Das Unfassbare der Liebe thematisiert Anna Breitenbach in ihrem Gedicht »Das, was es ist«. Ihr Vorbild dabei: Erich Frieds wohl bekanntestes und jedenfalls bis heute ungeheuer populäres Poem »Was es ist«. In jenem definiert Fried – anders als der Titel es vermuten lässt – gerade nicht eindeutig, was Liebe eigentlich ist: Er zeigt ohnehin verschiedene Perspektiven gleichberechtigt nebeneinander auf, etwa jene der Vernunft, der Angst, des Stolzes – und unternimmt auch dies nur, um deren stets so konkrete wie negative Sichtweisen mit einem lakonischen und (un)bestimmten »Es ist was es ist / sagt die Liebe« zu kontern.
Dabei wird auch klar: Was auch immer gegen die Liebe sprechen mag, sie trägt stets die Kraft in sich dazu, sich durchzusetzen. Sie ist nicht fassbar sowie ungeheuer mächtig. Das Rationale von der Emotion grenzt nun auch Breitenbach ab, die Unbestimmtheit des wohl meistbeschworenen, -gefeierten Gefühls betont sie ebenso, und auch in der Wortwahl verweist sie klar auf Fried, beginnend damit, dass ihr Titel den seinen enthält.

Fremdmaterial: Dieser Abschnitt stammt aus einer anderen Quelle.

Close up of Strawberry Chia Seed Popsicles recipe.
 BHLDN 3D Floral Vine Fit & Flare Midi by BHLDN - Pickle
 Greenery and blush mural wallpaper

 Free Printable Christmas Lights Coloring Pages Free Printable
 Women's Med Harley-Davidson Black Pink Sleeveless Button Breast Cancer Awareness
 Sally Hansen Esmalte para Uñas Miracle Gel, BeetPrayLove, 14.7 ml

Die Szenerie allerdings wandelt sie stark: Was im Vorbild noch abstrakte, zusammengefasste Standortbestimmungen über Triebfederelemente von Menschen sind, das ist im Nachbild eine lebensnahe Szene aus Sicht eines kompletten Menschen. Kurzum, was das weibliche lyrische Ich hier erlebt und empfindet, sein hoffendes Zweifeln, das kennt wohl jedermann. Entsprechend ist die Sprache zwar weiterhin, passend zu Frieds Versen, sehr sachlich gehalten, doch aber auch weitaus weniger durchformalisiert und lexikonhaft, der Textaufbau ist entsprechend weiterhin klar, doch weniger redundant, die Ausgestaltung der Situation im Alltag verankert, dabei aber bewusst allgemein und beispielhaft.
Was jedoch vor allem bleibt: die Unklarheit darüber, was das nun eigentlich ist, die Liebe. Und die Anerkennung der Wichtigkeit dieser Frage, die gar als inhärenter Teil der Liebe selbst erscheint, die wiederum als Sehnsuchtspunkt das Denken des Menschen bestimmt.